Но больше всего огорчений было у Ривки с деньгами. Спустя несколько дней, снова в отсутствие Германа, пришел трубочист с письмецом. Б коротком и незамысловатом письме было написано: «Денег мне надо, много денег. Должен одеться по-человечески. Она завтра приедет. Я должен говорить с нею. Уже знаю, чья она. Передайте сейчас же хотя бы сто гульденов».

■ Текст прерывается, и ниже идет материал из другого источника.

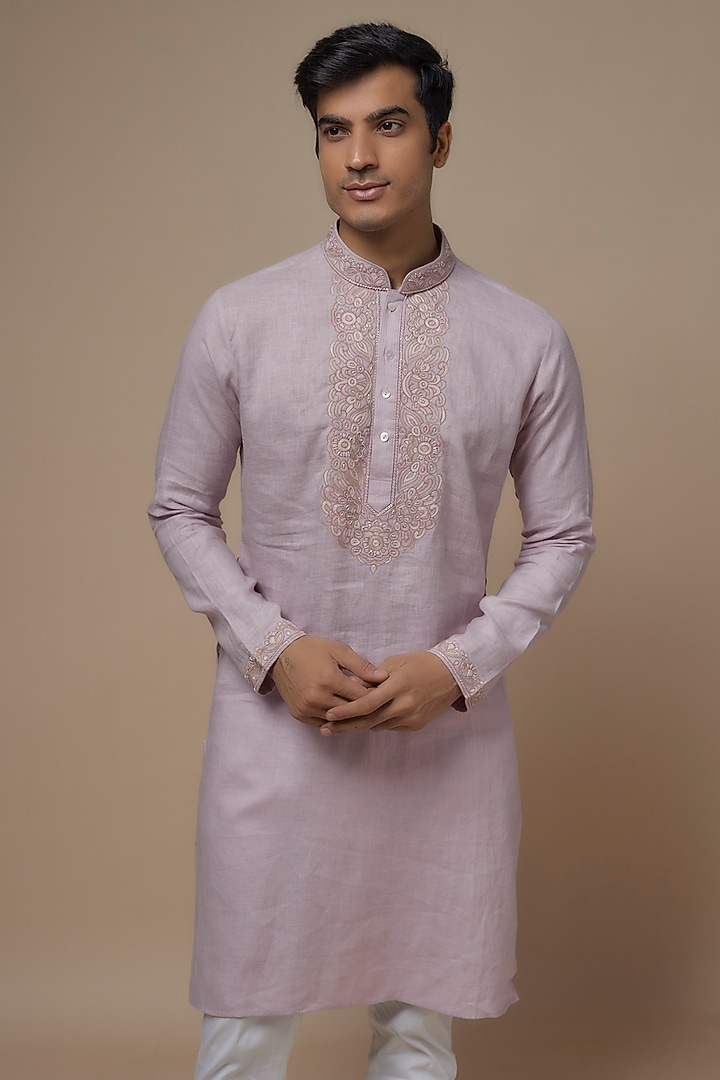 Lilac Linen Resham & Bead Hand Embroidered Handcrafted Kurta by SAMMOHAN at Pernia's Pop Up Shop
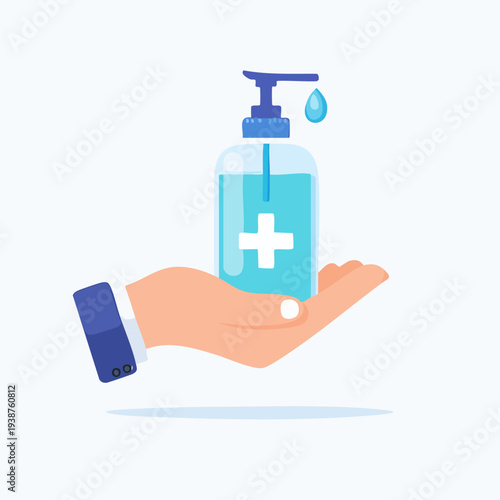 Hand holding a bottle of hand sanitizer for hygiene and protection.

Ривка задрожала даже, прочитав эти слова. Знает — чья, а не напишет, не скажет, оставляет ее в неизвестности. И есть же сердце у него! А еще сто гульденов просит — откуда она возьмет? Герман вот уже несколько дней что-то очень скупился, не давал ей на руки никаких денег, не оставлял, как это прежде бывало, ни цента в ящике своего стола, а все запирал в большой железной кассе на три замка и ключи брал с собой. Ривка до этой минуты даже и не намечала этого. Но теперь, когда сын потребовал у нее такую сумму, а она не нашла у себя даже цента, она рассвирепела, металась из стороны в сторону, от одной шкатулки к другой, но нигде не могла найти ничего. Она громко проклинала скрягу-мужа, но проклятья не могли ничему помочь, и скрепя сердце она вынуждена была отпустить трубочиста ни с чем, сказав ему, что денег сейчас нет и что пусть он придет завтра. Трубочист покачал головой и ушел.